Epidemiologists have always been intrigued about how this pathogen spread so quickly and infiltrated remote communities, at a time when there was no jet travel, and also how it disappeared so abruptly.

In the case of Severe Acute Respiratory Syndrome (SARS), the letter argues that a small amount of the virus may have entered the atmosphere east of the Himalayas, where the stratosphere is thinnest, and was deposited in southern China.

"All reasonable attempts" should be made to halt the disease's infective spread, it said.

But in the longer term, SARS will continue, and cases of it will pop up almost anywhere on the planet, "until the stratospheric supply of the causative agent becomes exhausted," it contended.

The letter was written by Chandra Wickramasinghe of Cardiff University's Center for Astrobiology; Milton Wainwright of Sheffield University's Department of Molecular Biology and Biotechnology; and Jayant Narlikar of the Inter-University Center for Astronomy and Astrophysics in Pune, India.

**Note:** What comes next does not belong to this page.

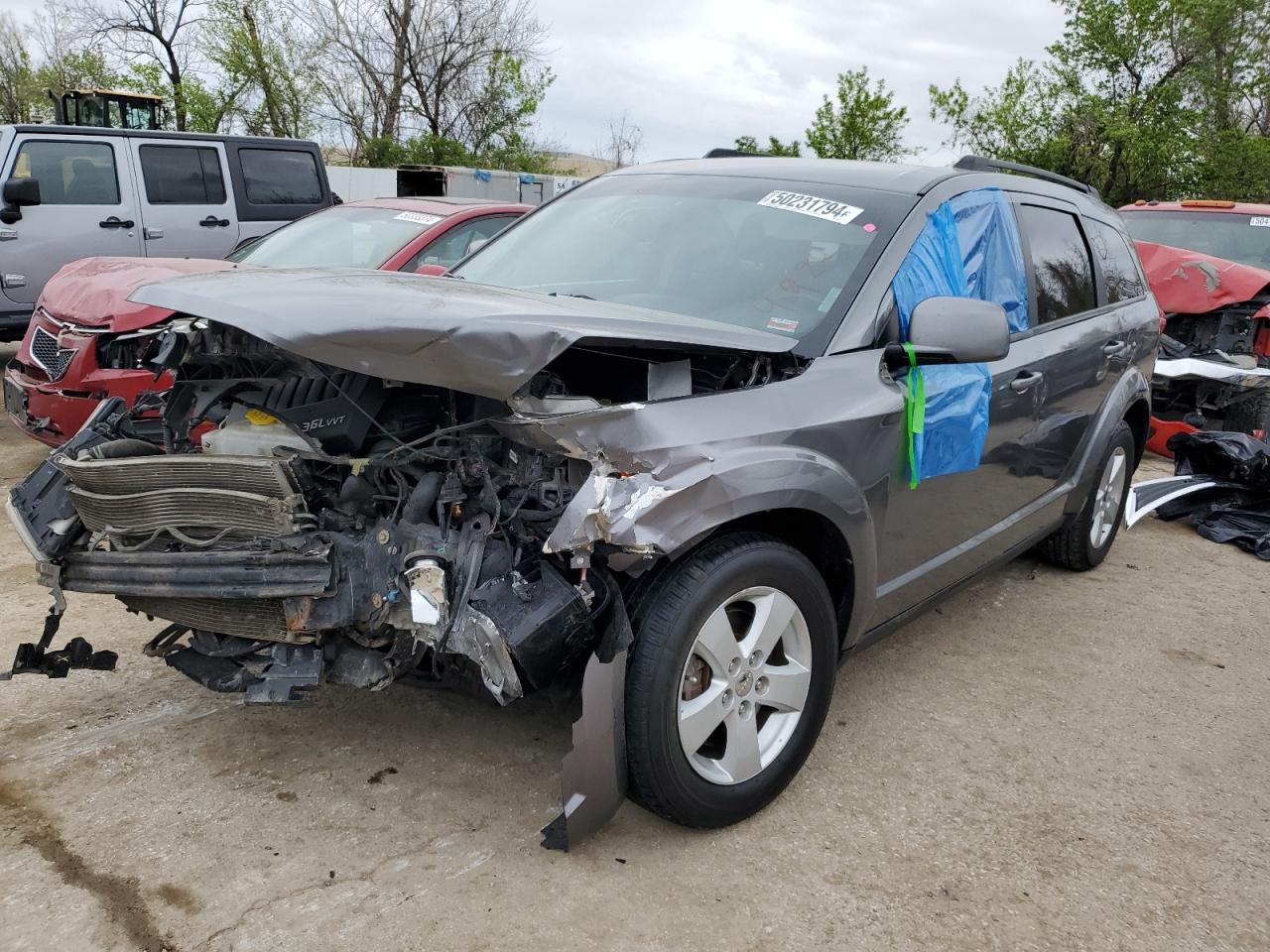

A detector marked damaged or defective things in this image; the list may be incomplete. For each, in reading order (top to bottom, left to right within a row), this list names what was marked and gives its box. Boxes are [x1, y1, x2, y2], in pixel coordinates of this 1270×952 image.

Many astrobiologists contend that life on Earth is not an enclosed evolutionary kettle, but a biosphere that has been influenced by arrivals from space.

One theory, called "pan-spermia," suggests that life on Earth was kickstarted by bugs or constituent chemicals which hitchhiked a ride on an asteroid or comet that collided with the planet.

The idea, initially ridiculed, is now taken seriously, although the "disease-from-space" idea is still very marginal.

The mainstream medical theory about the SARS virus is that it is an animal virus that mutated and leapt the species barrier. It crossed from farm animals to man, most probably in Guangdong, southern China, last year.